=== SUPPLIED INFORMATION ===

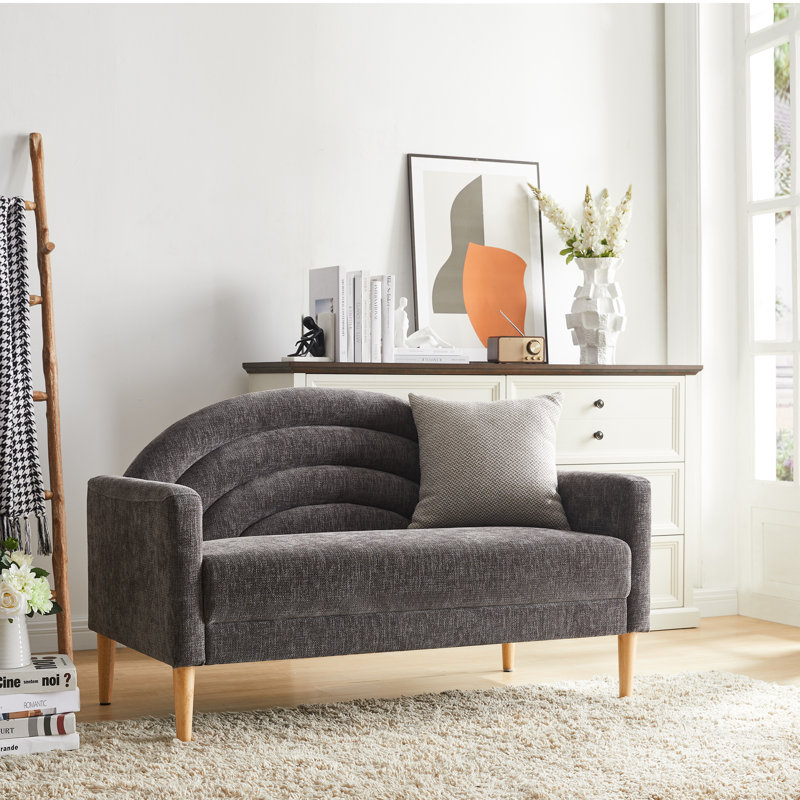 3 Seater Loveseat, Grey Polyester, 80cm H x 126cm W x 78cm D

===
=== SUPPLIED INFORMATION ===

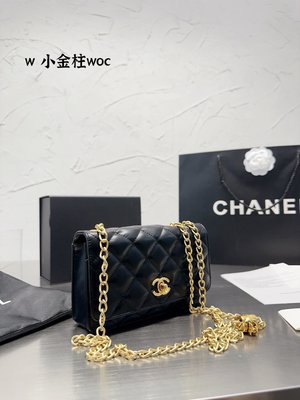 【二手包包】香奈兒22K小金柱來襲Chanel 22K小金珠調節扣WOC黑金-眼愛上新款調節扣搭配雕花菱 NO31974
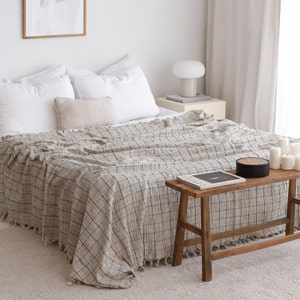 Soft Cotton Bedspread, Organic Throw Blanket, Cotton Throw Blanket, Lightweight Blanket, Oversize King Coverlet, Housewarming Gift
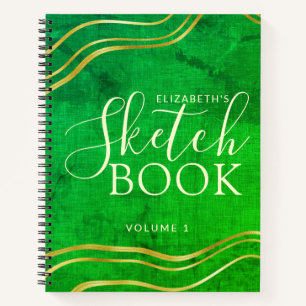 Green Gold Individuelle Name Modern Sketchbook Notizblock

===
=== SUPPLIED INFORMATION ===

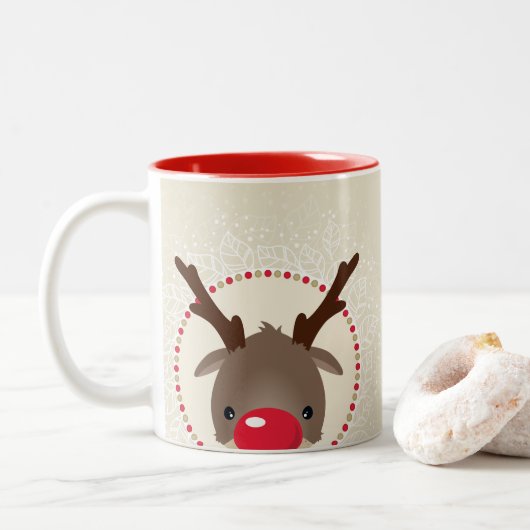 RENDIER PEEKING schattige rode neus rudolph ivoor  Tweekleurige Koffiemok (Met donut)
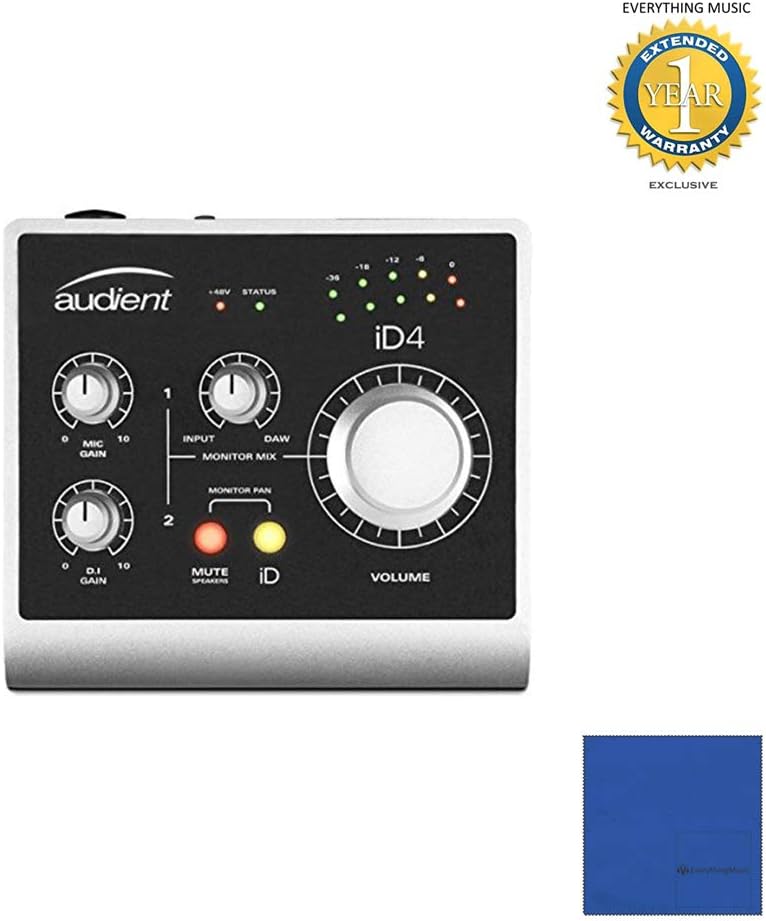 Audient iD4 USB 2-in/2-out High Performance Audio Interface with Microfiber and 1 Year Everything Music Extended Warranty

===

» EXERCISE DETAILS
Taking the entries above, copy word for word the lines from the one with "RENDIER PEEKING schattige" up to and including the one with "Audient iD4 USB", without any picture.

» TASK RESPONSE
 RENDIER PEEKING schattige rode neus rudolph ivoor  Tweekleurige Koffiemok (Met donut)
 Audient iD4 USB 2-in/2-out High Performance Audio Interface with Microfiber and 1 Year Everything Music Extended Warranty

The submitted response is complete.